Concerning the theme of the avant-garde suggested by Sholette, I must say that while I’m aware of the importance of re-thinking the function of this very category (@kcharn1 mentioned the book by John Roberts), I’m also quite doubtful about discussing it in the classical terms of “dialectic of art and life”, because any art happens today potentially subjected to the present conditions of capitalist production. When, as McKee recognizes, the rhetoric of creativity has infested labor in general from the most humble jobs to the highest peaks of management, I really find it difficult to see where art and life diverge, on the contrary I see a merging that I don’t like at all. Art has already become an integral part of the neoliberal form of life.
I don’t want to be misunderstood, I am not paranoid (I think this is clear for those who know a bit about my history with the S.a.L.E.-Docks collective in Venice), I only think that those who want to liberate the arts from the above mentioned neoliberal co-optation must correctly identify their battlefield. So, to pick up on @natot contribution, I must say that I agree when he affirms that the point is not to avoid the existing art infrastructure (though sometimes could be done), I think that the point is the subjective position from where the artist (or the curator or the cultural worker in general) addresses this very infrastructure. A strike against the current conditions of valorization of art and culture is a complex matter and it involves both the drive over new institutionality (this is where we find the most evident difference with the artistic practice of Institutional Critique) and the problem of blocking and forcing the present institutions into a process of transformation (as most of them work now through a governmental logic that opens spaces for critical practices while at the same time being completely compatible with the neoliberal mode of production).

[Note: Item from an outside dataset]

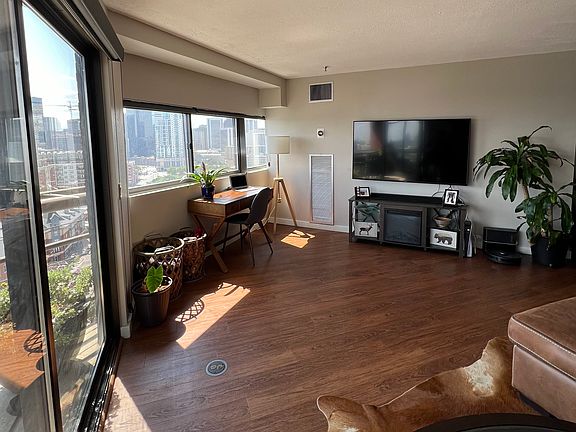 4th image of 100 Park Ave W APT 1507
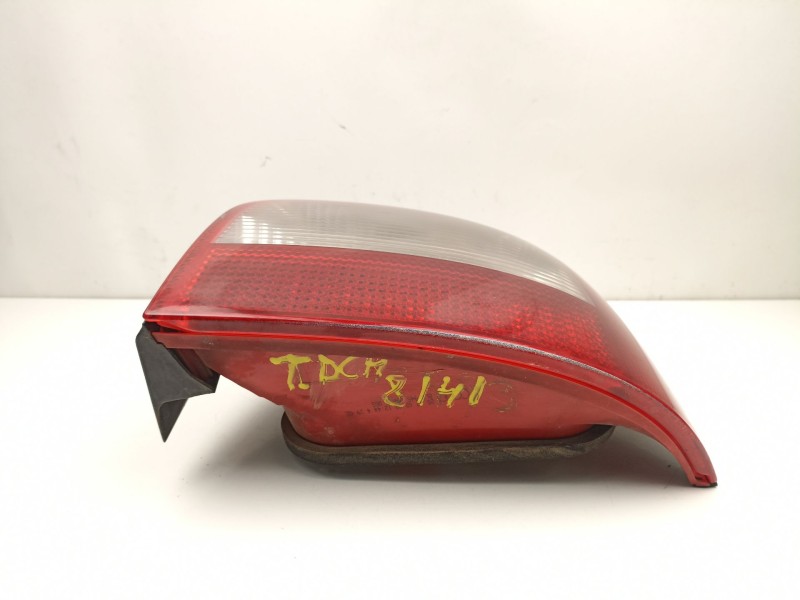 Recambio de piloto trasero derecho para audi a3 (8l1) 1.9 tdi quattro referencia OEM IAM 8L0945096C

Finally what is this change of perspective that I suggested at the beginning? I read “Strike Art” as a product of the post occupy condition itself. I must say that living in Europe unfortunately I did not participate to OWS, but many friends who did, told me about it in terms of a life-changing experience and I was myself recently involved in a wave of mobilizations in which Italian artists and cultural workers where at the forefront. So I think that it is not foolish to affirm that OWS opened to many artists (and not only) new possibilities of subjectivation outside those allowed by the neoliberal framework, often perceived as “natural”. In Europe this neoliberal device would work with a double rhetoric. The most conservative governments would cut funds for culture describing the artist as an unproductive parasite, living on a welfare definitively gone. On the other side there is the corporate/creative class discourse which chains the artist to the figure of the entrepreneur of the self, so no matter how engaged your art is, its space will always be defined by the market (the private one or the one funded by public commissioners). Reading “Strike Art” (of course keeping in consideration the differences of the context) I had the impression that OWS broke this device, giving to many the possibility of seeing a renovated social function of their work as artists (or cultural/cognitive workers) and of directly experiencing the possibilities of a collective machine of biopolitical creation consciously dealing with its semiotic potential.
That’s why I definitely stand on McKee’s side. Despite all the possible different opinions I think that this book should be used, I mean it should be recognized that its point is not to present OWS as an artwork with the goal of push it within the art system, subordinating it to its disciplinary debate and to its goals. On the contrary I think that “Strike Art”, if properly handled, could help with forcing that institutional space, maybe taking it a little bit closer to the purposes of Occupy Wall Street.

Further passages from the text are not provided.